Captioned web images:
=== Section Start ===

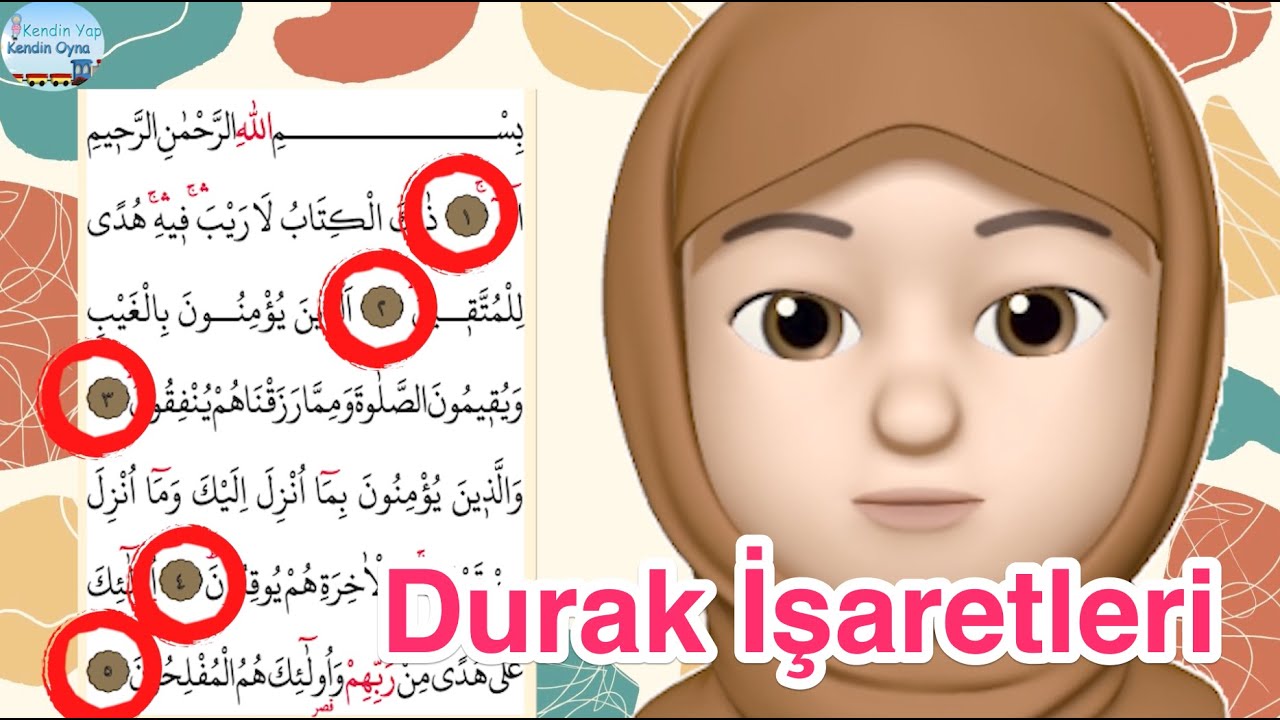 Tecvid Öğreniyorum - Durak (Vakıf) işaretleri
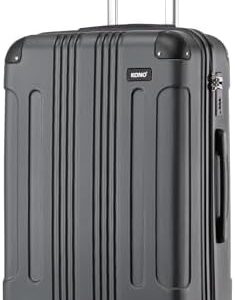 Kono 28 Inch Large Hard Shell Luggage ABS+PC Lightweight Suitcase with 4 Wheels Spinner Business Trip Trolley Case Suitcase (Grey)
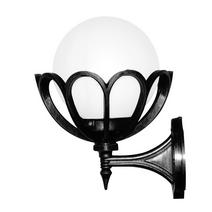 Konsollu Yarım Çiçek Dış Mekan Armatür - Siyah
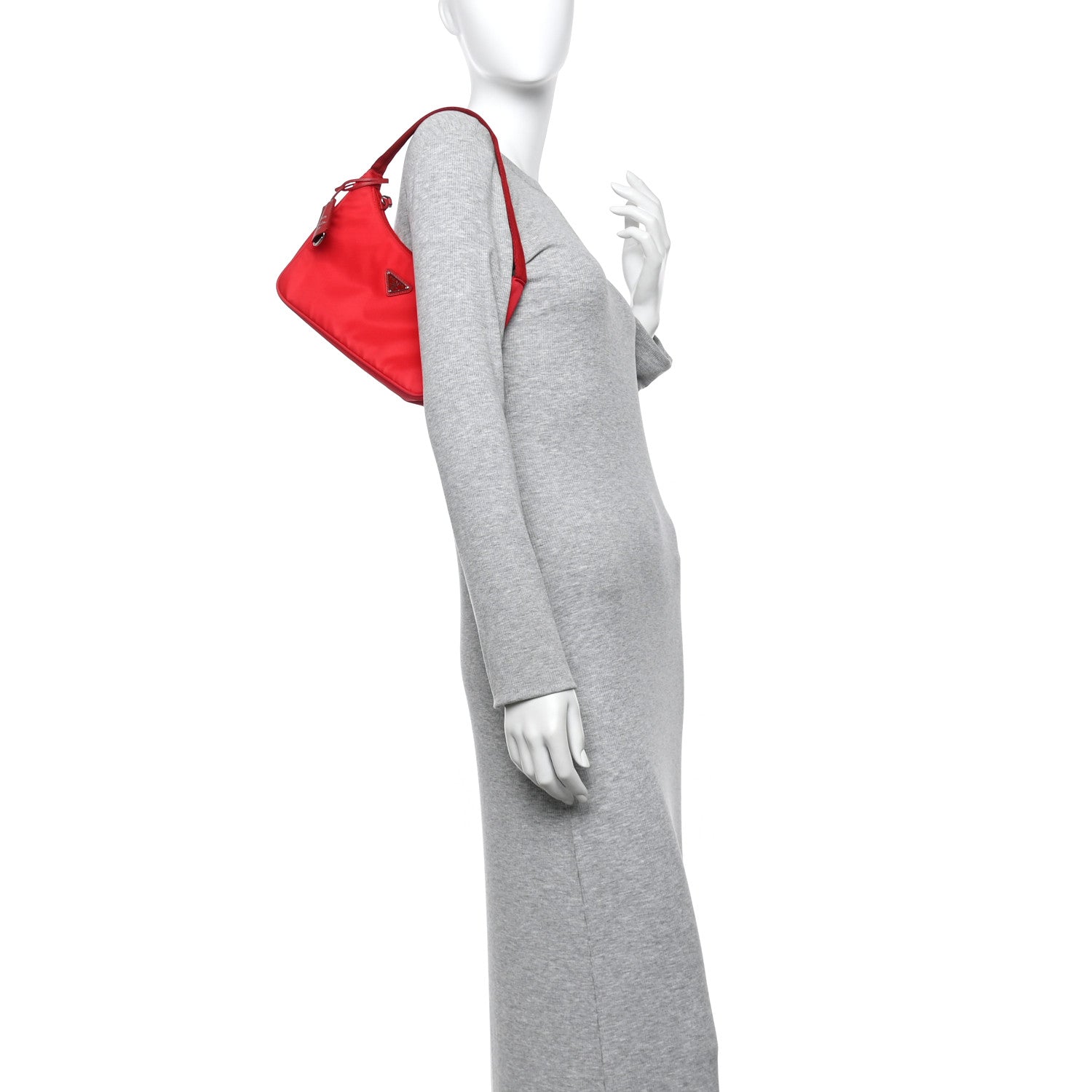 Prada Tessuto Nylon Mini Re-Edition 2000 Bag Rosso 2 of 10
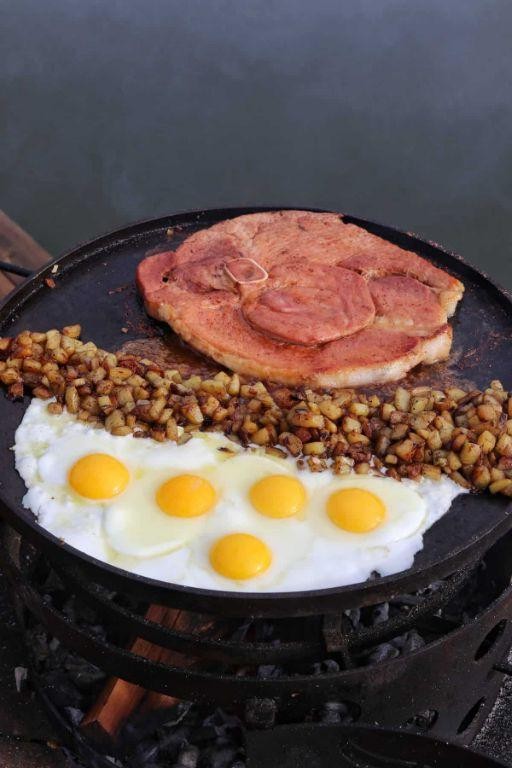 Smoky Chipotle Grilled Ham Steak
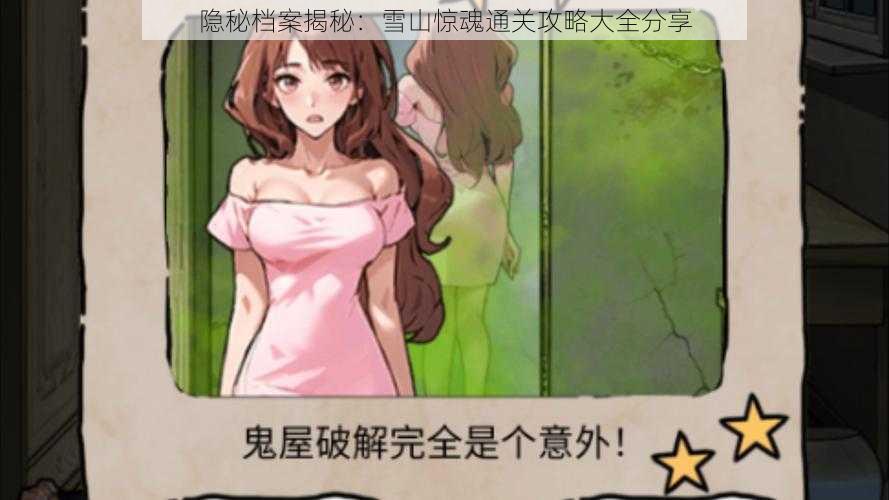 隐秘档案揭秘:雪山惊魂通关攻略大全分享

=== Section End ===

=== EXERCISE REQUIREMENTS ===
Pictures are not part of the copy; transcribe the rest of the data verbatim.

=== RESPONSE TO THE TASK ===
 Tecvid Öğreniyorum - Durak (Vakıf) işaretleri
 Kono 28 Inch Large Hard Shell Luggage ABS+PC Lightweight Suitcase with 4 Wheels Spinner Business Trip Trolley Case Suitcase (Grey)
 Konsollu Yarım Çiçek Dış Mekan Armatür - Siyah
 Prada Tessuto Nylon Mini Re-Edition 2000 Bag Rosso 2 of 10
 Smoky Chipotle Grilled Ham Steak
 隐秘档案揭秘:雪山惊魂通关攻略大全分享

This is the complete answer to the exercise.